*** Opening of Records for processing ***

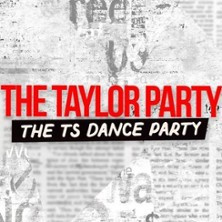 Taylor Swift Party Nights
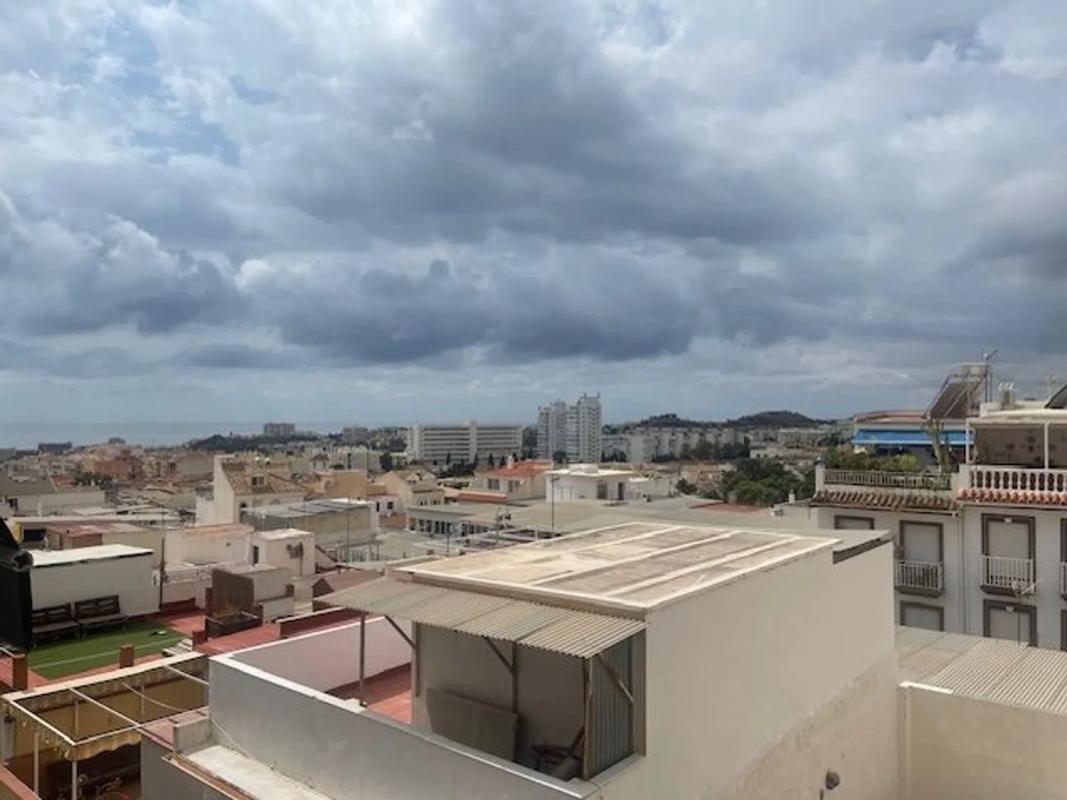 Venta de piso en Calle las Flores, 10, Benalmádena
 photo 2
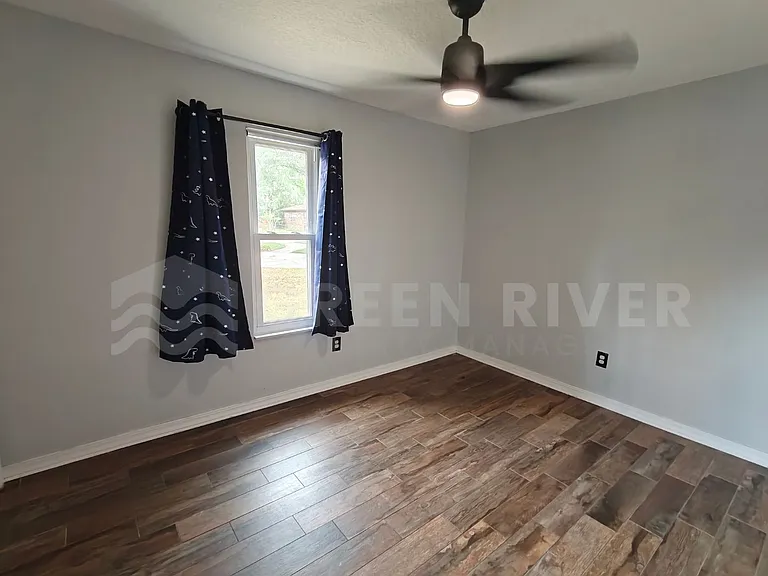 1549 Sonoma Ct — Photo 27
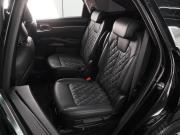 Kia Sorento IV Воронеж  - изображение 35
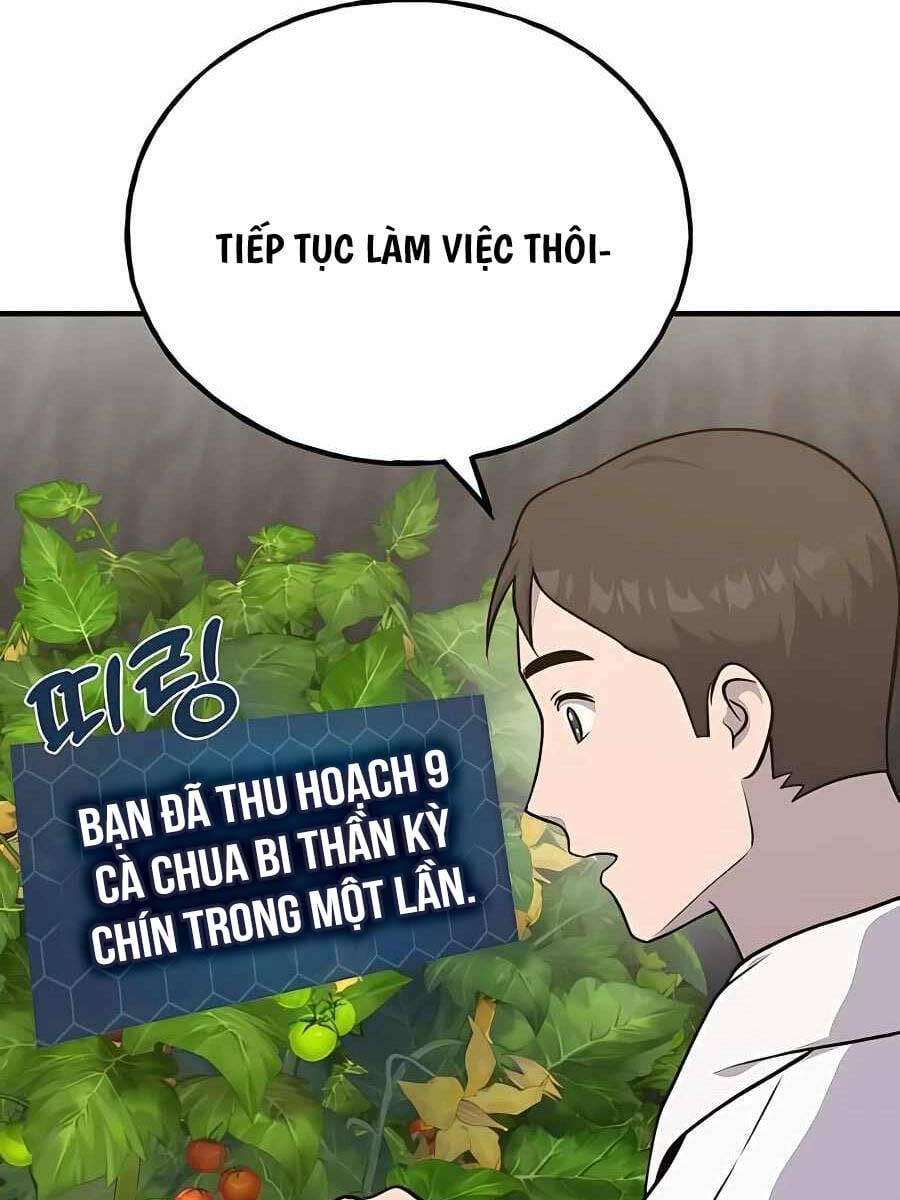 Truyện Tranh Làm Nông Dân Trong Tòa Tháp Thử Thách trang 5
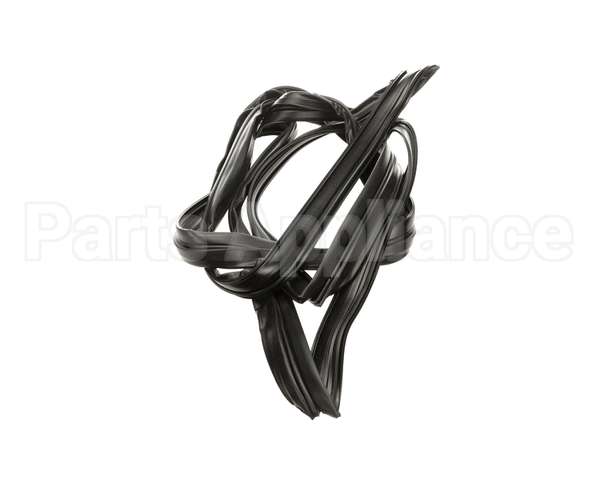 02-81055-0002 Anthony International Door Gasket 23 14 X 63 14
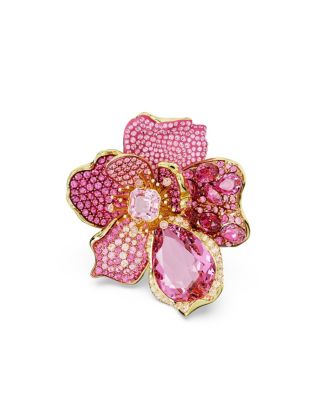 Swarovski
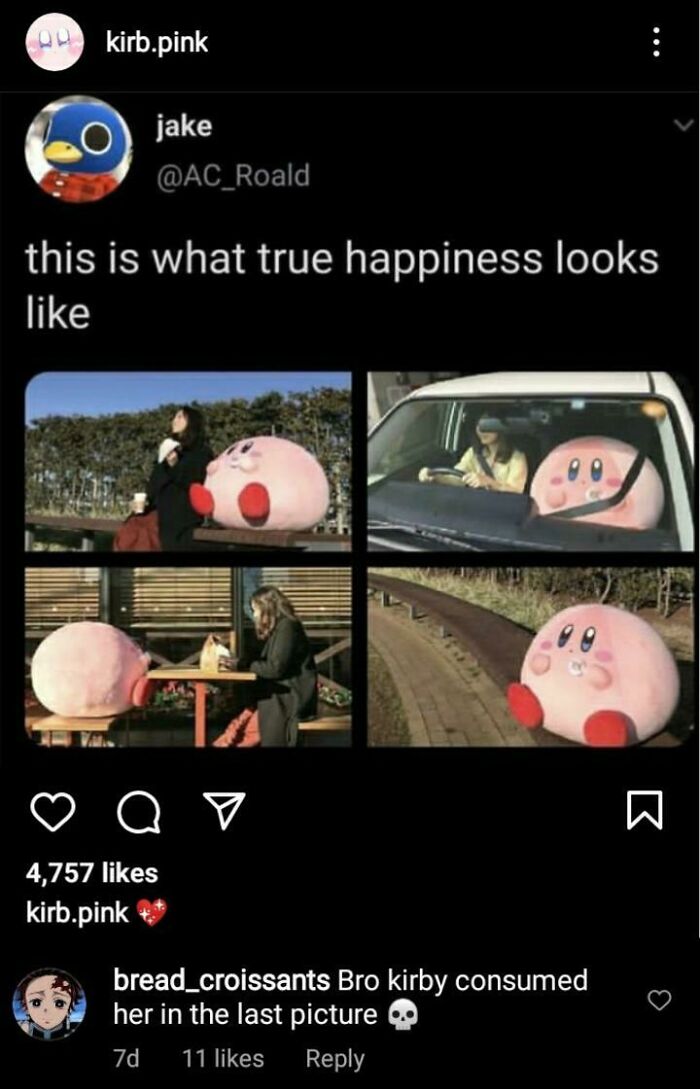 Cursed_kirby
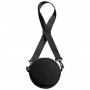 Bolso Carhartt Clarton Bag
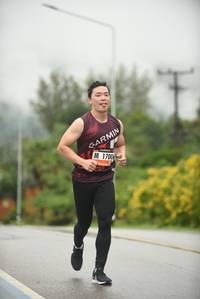 BIB: 1700
                            <button type="button" onclick="openModal(5778924)" class="btn btn-primary btn-sm float-right btn-popup" data-toggle="modal" data-target=".modal-high-quality">
                        <i class="fas fa-shopping-cart"></i> Add to Cart
                    </button>
                                            <button type="button" onclick="isThisMe(5778924, true)" class="btn btn-success btn-sm float-right btn-popup btn-isme hidden" data-toggle="tooltip" data-placement="bottom" title="นี่คือรูปของคุณใช่ไหม คลิกที่นี่เพื่อเอาเข้าอัลบั้ม">
                        <i class="fas fa-plus"></i> Add to album
                    </button>
                    <button type="button" onclick="isThisMe(5778924, false)" class="btn btn-warning btn-sm float-right btn-popup btn-isnotme hidden">
                        <i class="fas fa-ban"></i> Remove from album
                    </button>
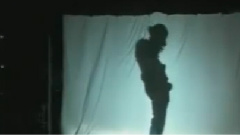 Chris Brown - 致敬Michael Jackson
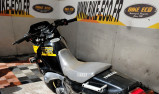 YAMAHA 250 TDR 22126 KMS 1988 3590€ (REF 63007)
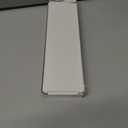 MEPRA 106822005 Epoque 5-Piece Durable 18/10 Stainless Steel American Style Flatware Cutlery Set for Fine Dining, Dishwasher Safe, Service for 1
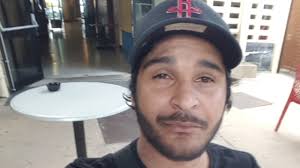 Ingham Magistrates Court: Unlicenced driver busted drink driving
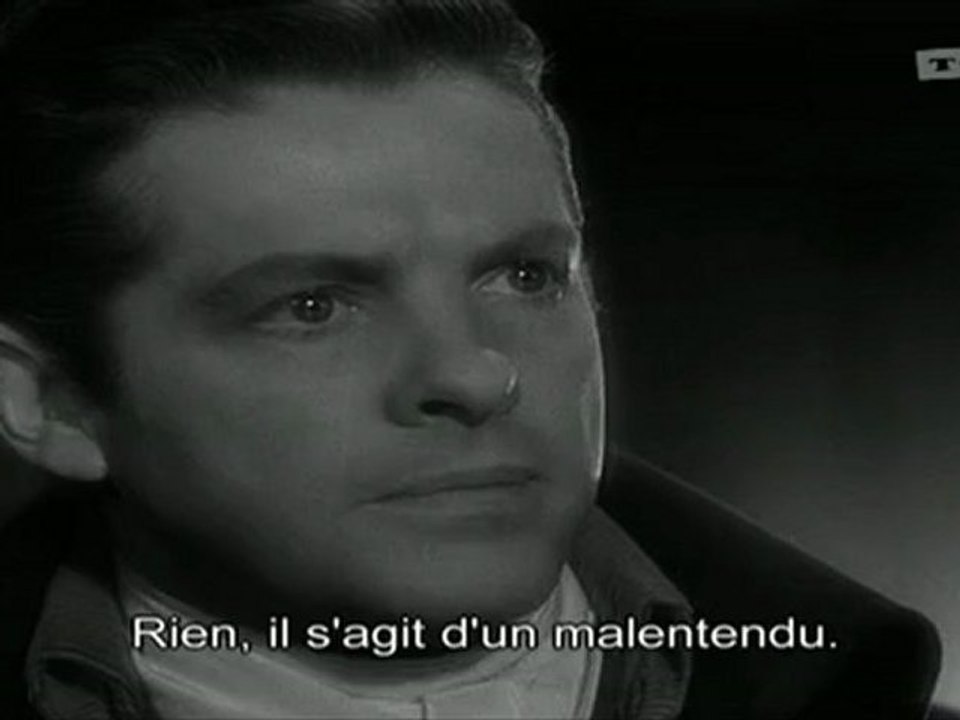 Le livre noir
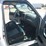 2008-ford-ranger-image-7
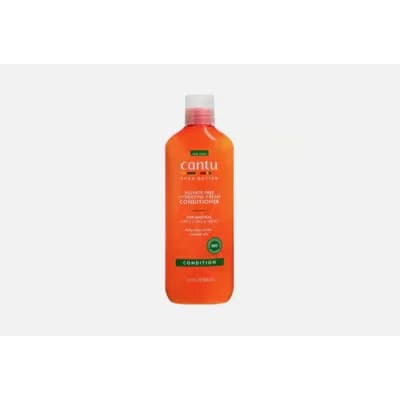 CANTU Sulfate Free Hydrate Hair Conditioner 400ml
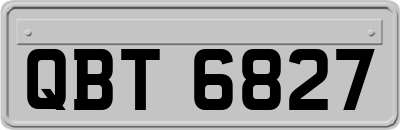 QBT6827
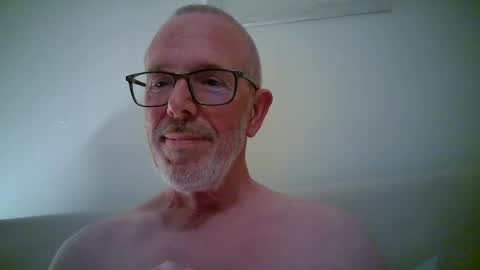 coriolis1957 online show from 06/01/26, 10:00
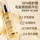 Уход за шерстью домашних животных эфирные масла для собак и кошек spa fragrance beauty смягчитель для волос золотистого ретривера Бишона одноразовый ароматизатор mini 2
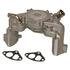 GMB 1306074 Engine Water Pump Engine Water Pump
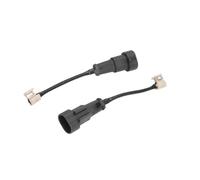 Sensore usura pastiglie WS 0405 A QUICK BRAKE per IVECO DAILY IV Autobus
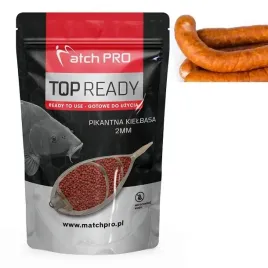 matchpro-pelet-gotowy-2-mm-700-gr-kielbasa
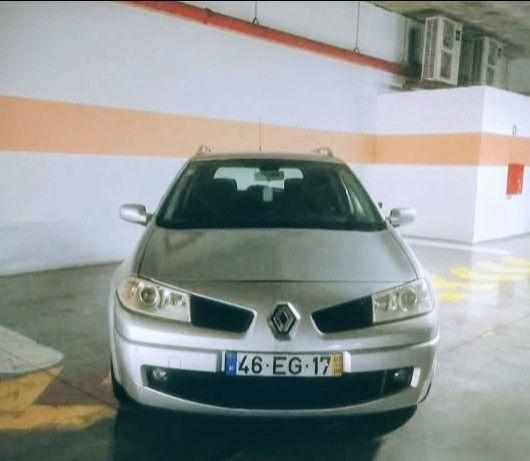 renault-megane-1-5-dci-2007-diesel-1461cc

*** Close of Records for processing ***

> [What is expected]
Without any of the pictures, set the entries down again exactly as written.

> [Result of the exercise]
 Taylor Swift Party Nights
 Venta de piso en Calle las Flores, 10, Benalmádena
 photo 2
 1549 Sonoma Ct — Photo 27
 Kia Sorento IV Воронеж  - изображение 35
 Truyện Tranh Làm Nông Dân Trong Tòa Tháp Thử Thách trang 5
 02-81055-0002 Anthony International Door Gasket 23 14 X 63 14
 Swarovski
 Cursed_kirby
 Bolso Carhartt Clarton Bag
 BIB: 1700
                            <button type="button" onclick="openModal(5778924)" class="btn btn-primary btn-sm float-right btn-popup" data-toggle="modal" data-target=".modal-high-quality">
                        <i class="fas fa-shopping-cart"></i> Add to Cart
                    </button>
                                            <button type="button" onclick="isThisMe(5778924, true)" class="btn btn-success btn-sm float-right btn-popup btn-isme hidden" data-toggle="tooltip" data-placement="bottom" title="นี่คือรูปของคุณใช่ไหม คลิกที่นี่เพื่อเอาเข้าอัลบั้ม">
                        <i class="fas fa-plus"></i> Add to album
                    </button>
                    <button type="button" onclick="isThisMe(5778924, false)" class="btn btn-warning btn-sm float-right btn-popup btn-isnotme hidden">
                        <i class="fas fa-ban"></i> Remove from album
                    </button>
 Chris Brown - 致敬Michael Jackson
 YAMAHA 250 TDR 22126 KMS 1988 3590€ (REF 63007)
 MEPRA 106822005 Epoque 5-Piece Durable 18/10 Stainless Steel American Style Flatware Cutlery Set for Fine Dining, Dishwasher Safe, Service for 1
 Ingham Magistrates Court: Unlicenced driver busted drink driving
 Le livre noir
 2008-ford-ranger-image-7
 CANTU Sulfate Free Hydrate Hair Conditioner 400ml
 QBT6827
 coriolis1957 online show from 06/01/26, 10:00
 Уход за шерстью домашних животных эфирные масла для собак и кошек spa fragrance beauty смягчитель для волос золотистого ретривера Бишона одноразовый ароматизатор mini 2
 GMB 1306074 Engine Water Pump Engine Water Pump
 Sensore usura pastiglie WS 0405 A QUICK BRAKE per IVECO DAILY IV Autobus
 matchpro-pelet-gotowy-2-mm-700-gr-kielbasa
 renault-megane-1-5-dci-2007-diesel-1461cc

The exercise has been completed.